_Exercise material_.
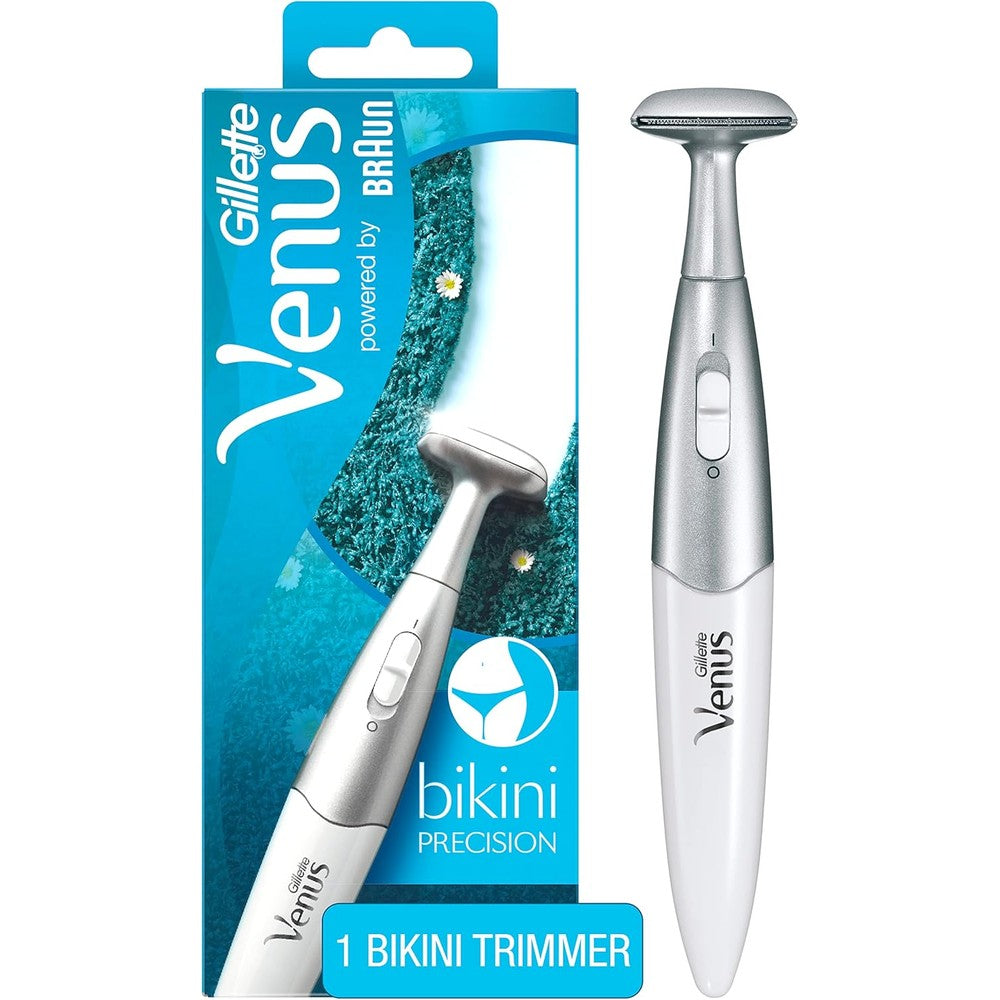Gillette Venus Bikini Precision Women's Trimmer + 2 attachments for Hair Removal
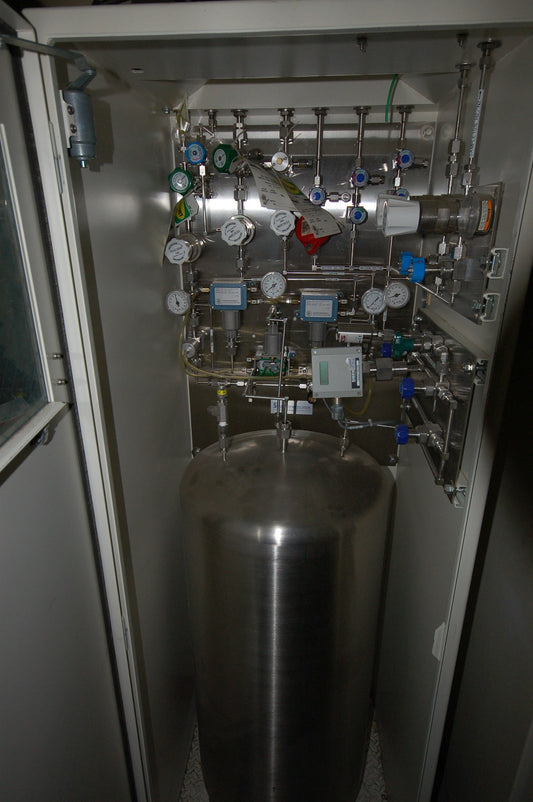 Gas Blending Unit, H2/N2 (Please email or call for pricing)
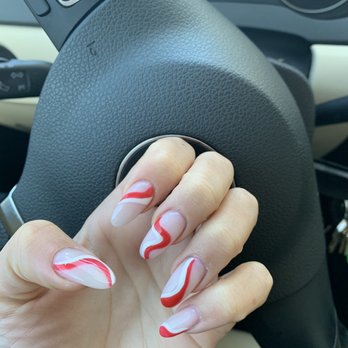 Sunset Nails - Nails done by Van! does the best designs :) + great customer service! love - Nail Salons Near Me - San Francisco, California Sunset Nails - Nails done by Van! does the best designs :) + great customer service! love - Nail Salons Near Me - San Francisco, California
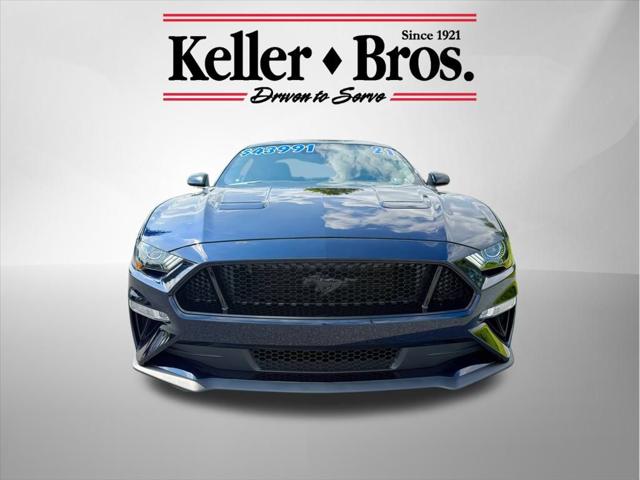 2021 Ford Mustang GT Premium Fastback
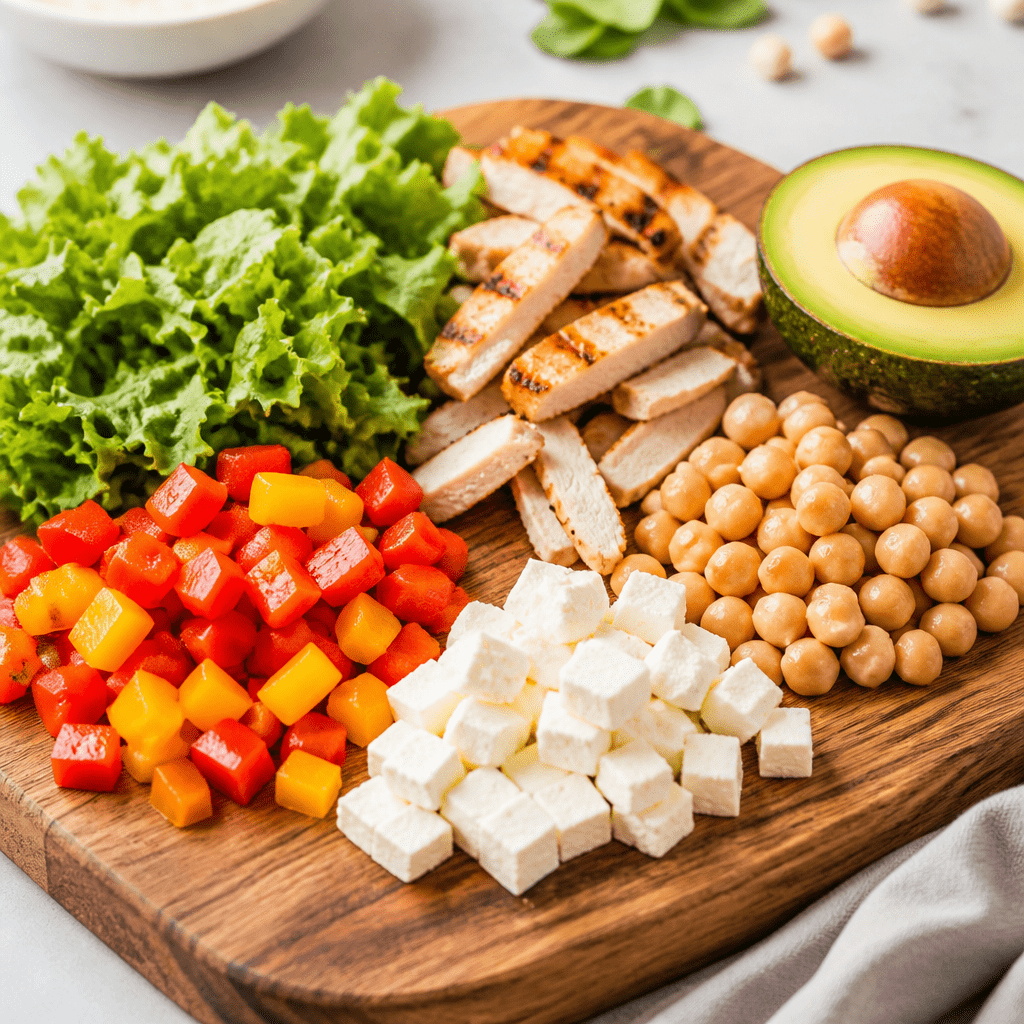 Welcher Salat hilft am Abend beim Abnehmen – Salat am Abend: Dein Geheimnis zum Abnehmen?
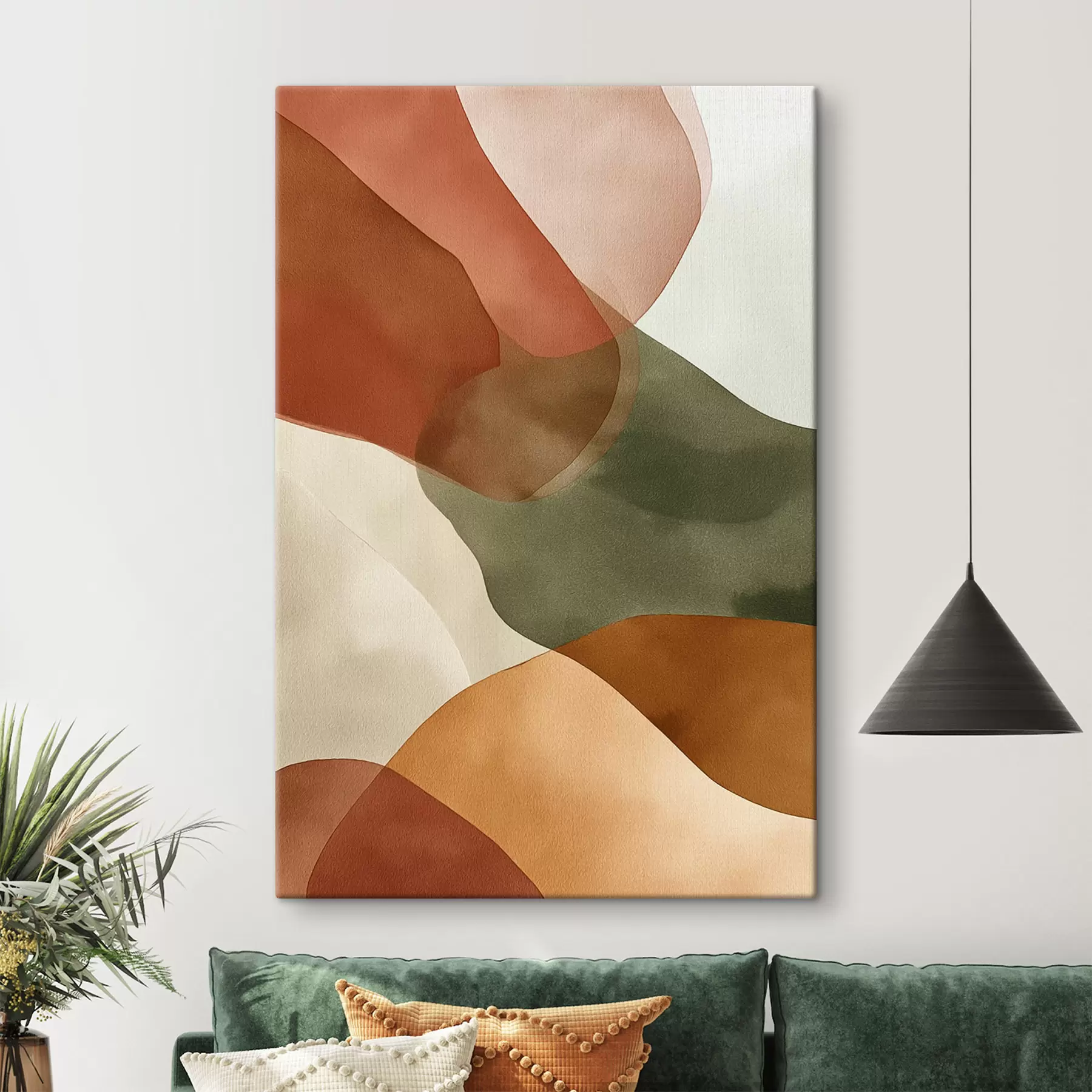 Tablouri Abstracție legată de pământ s49845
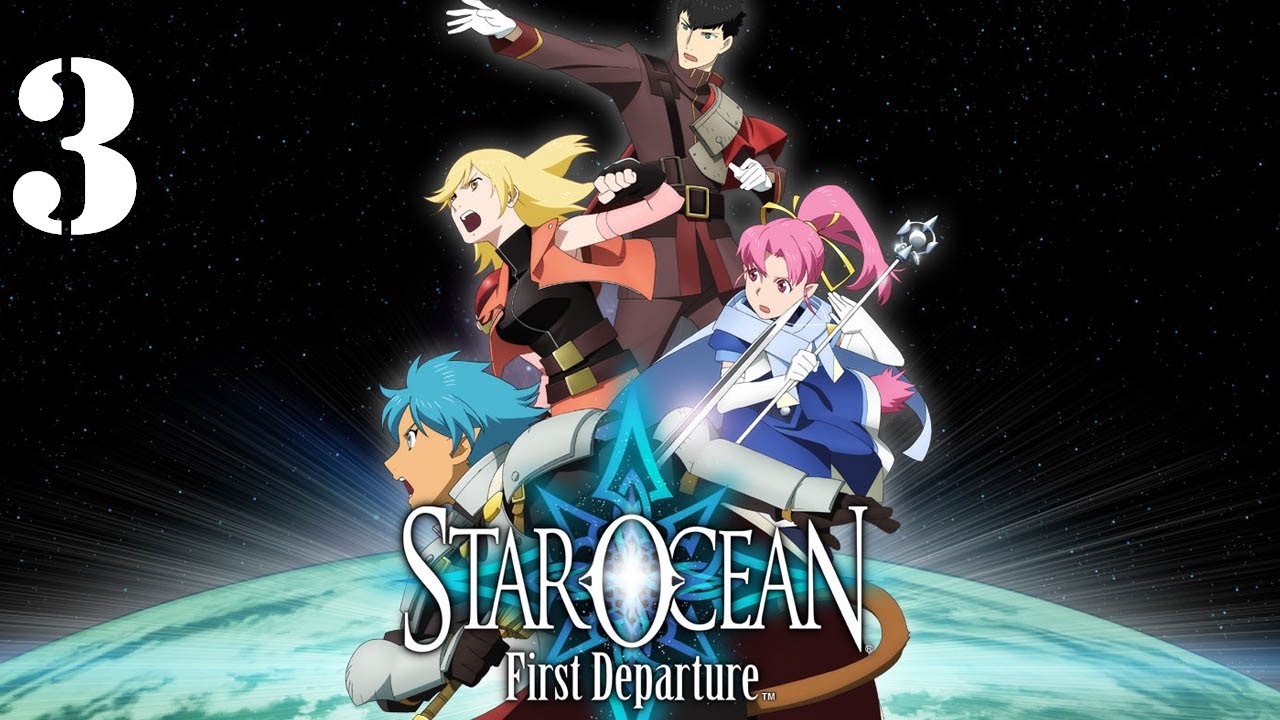 Star Ocean: First Departure Walkthrough (Part 3)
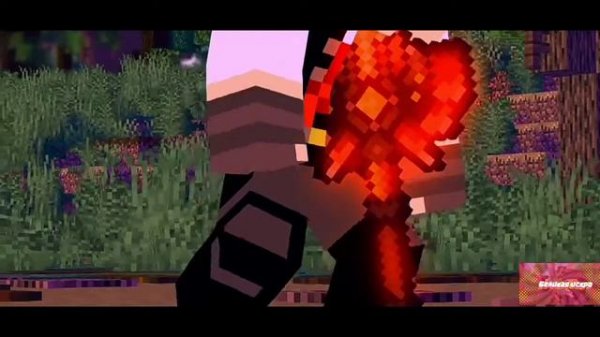 "In The Darkness''-Nightmare (Dream) vs JeffVix- A Minecraft Music Video (SashaMT Animations)
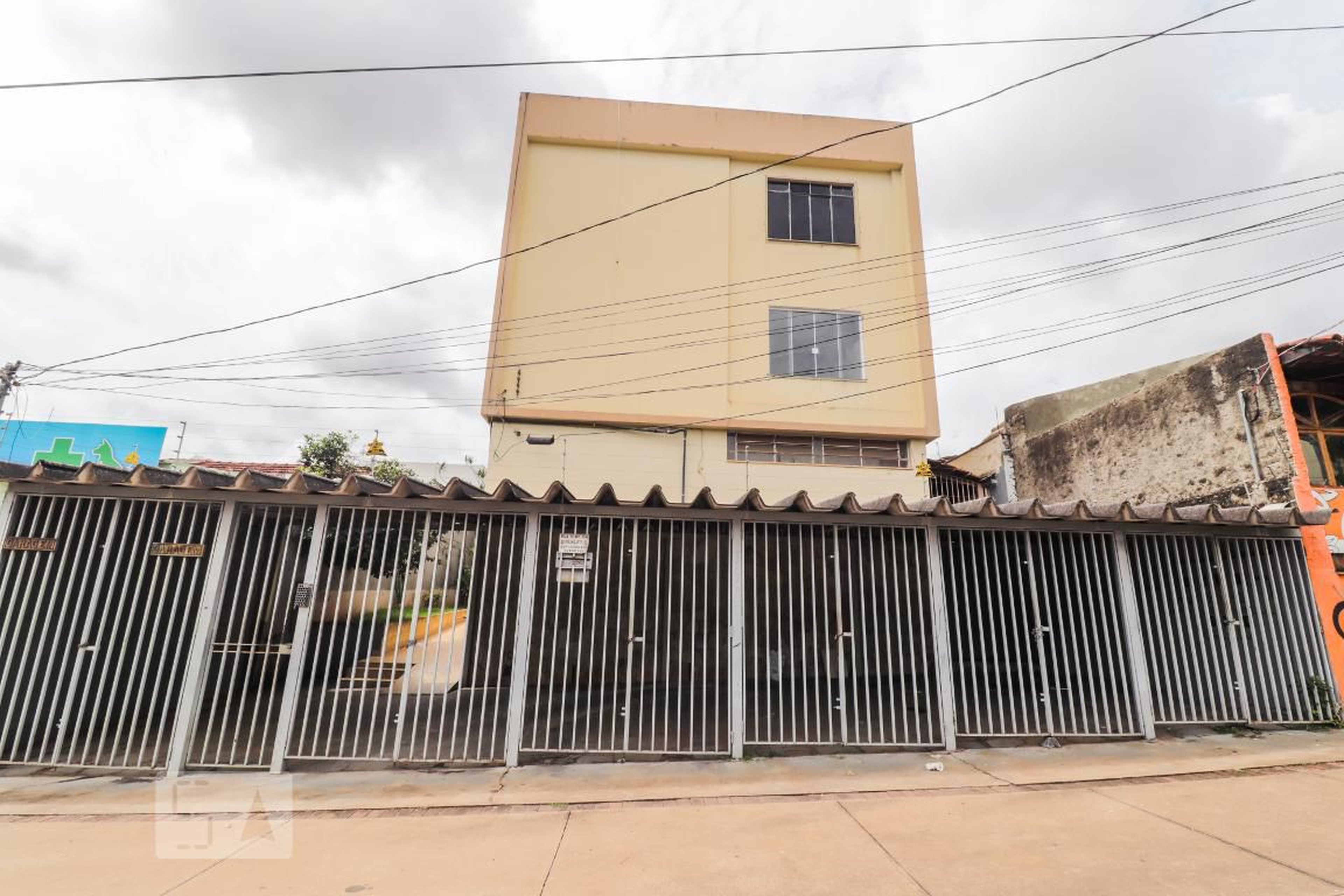 Fachada Edifício Parana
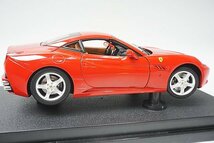 Hot Wheels ホットウィール 1/18 Ferrari フェラーリ California カリフォルニア レッド N2042_画像3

_Task brief_. Give back every line of the material above word for word, leaving out the pictures.

_Exercise answer_.
Gillette Venus Bikini Precision Women's Trimmer + 2 attachments for Hair Removal
 Gas Blending Unit, H2/N2 (Please email or call for pricing)
 Sunset Nails - Nails done by Van! does the best designs :) + great customer service! love - Nail Salons Near Me - San Francisco, California Sunset Nails - Nails done by Van! does the best designs :) + great customer service! love - Nail Salons Near Me - San Francisco, California
 2021 Ford Mustang GT Premium Fastback
 Welcher Salat hilft am Abend beim Abnehmen – Salat am Abend: Dein Geheimnis zum Abnehmen?
 Tablouri Abstracție legată de pământ s49845
 Star Ocean: First Departure Walkthrough (Part 3)
 "In The Darkness''-Nightmare (Dream) vs JeffVix- A Minecraft Music Video (SashaMT Animations)
 Fachada Edifício Parana
 Hot Wheels ホットウィール 1/18 Ferrari フェラーリ California カリフォルニア レッド N2042_画像3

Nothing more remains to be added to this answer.